Supplied data >>
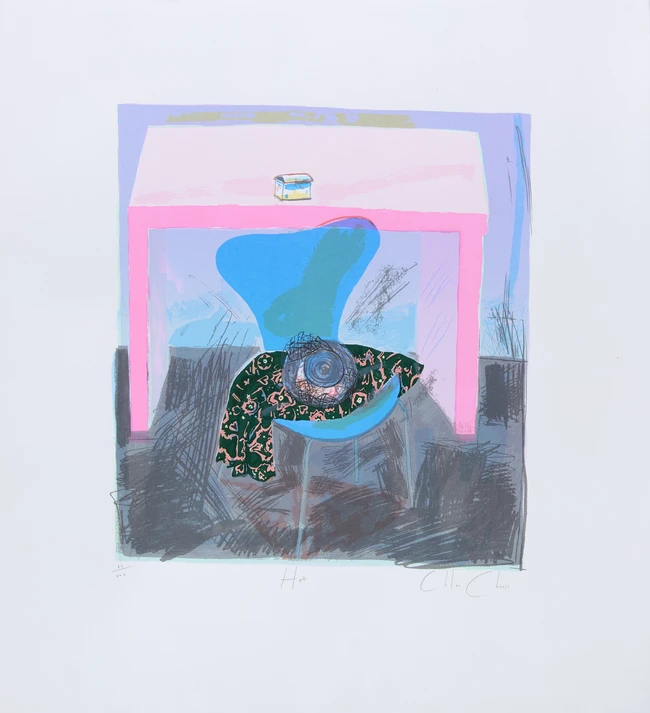 Chloe Cheese, British, 1952
Hat and Radio, 1982;
two lithographs in colour, both signed and nunbered...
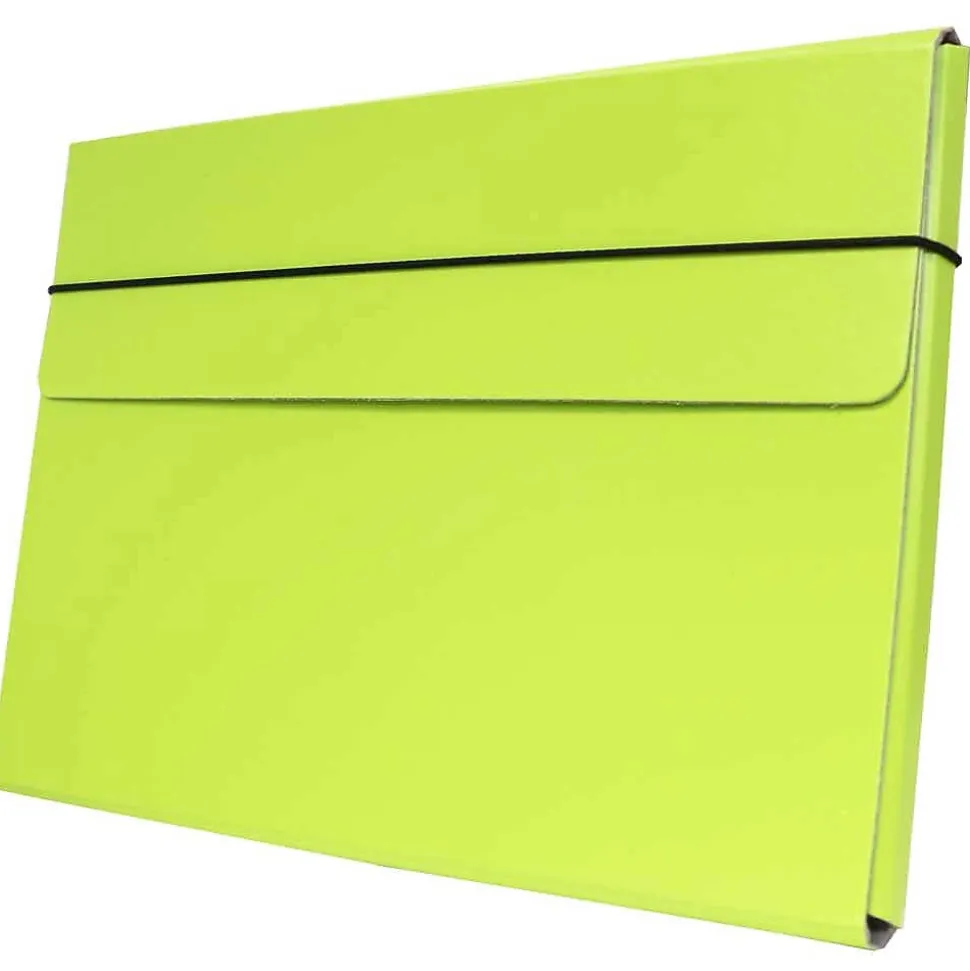 JAM Paper Portfolio Case with Elastic Closure, Lime Green (154528543)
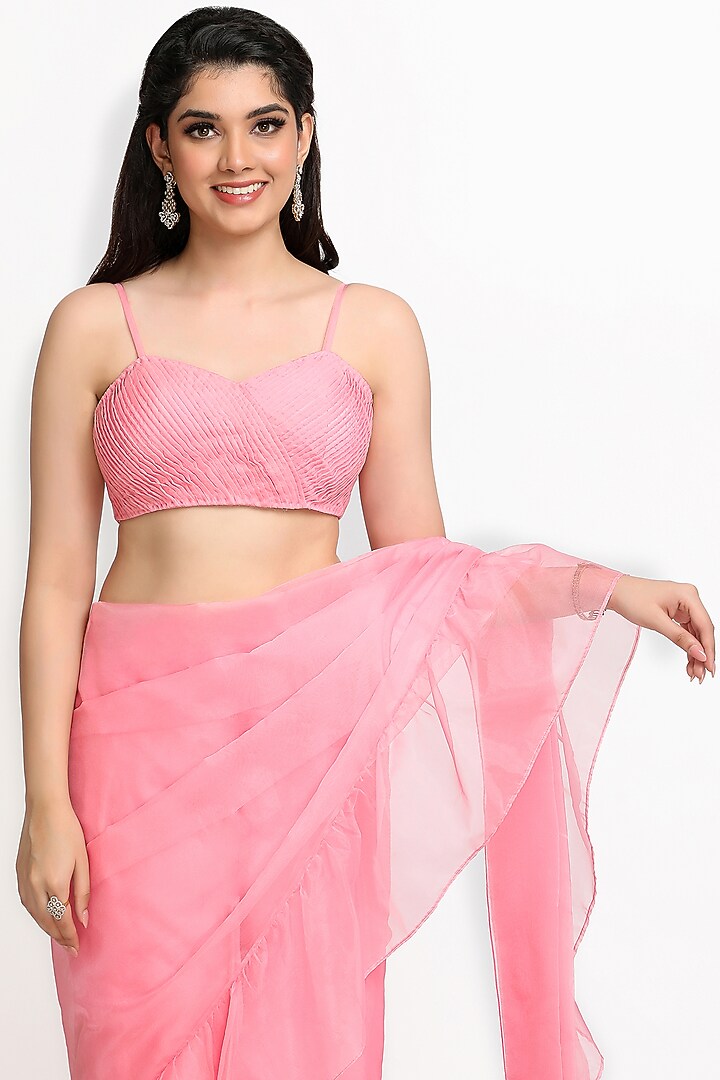 Rose Pink Viscose Organza Pre-Stitched Party Wear Saree Set by Sanjana Thakur at Pernia's Pop Up Shop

Work instruction >>
Where an entry includes an image, skip the image and return everything else exactly.

Solution for this task >>
 Chloe Cheese, British, 1952
Hat and Radio, 1982;
two lithographs in colour, both signed and nunbered...
 JAM Paper Portfolio Case with Elastic Closure, Lime Green (154528543)
 Rose Pink Viscose Organza Pre-Stitched Party Wear Saree Set by Sanjana Thakur at Pernia's Pop Up Shop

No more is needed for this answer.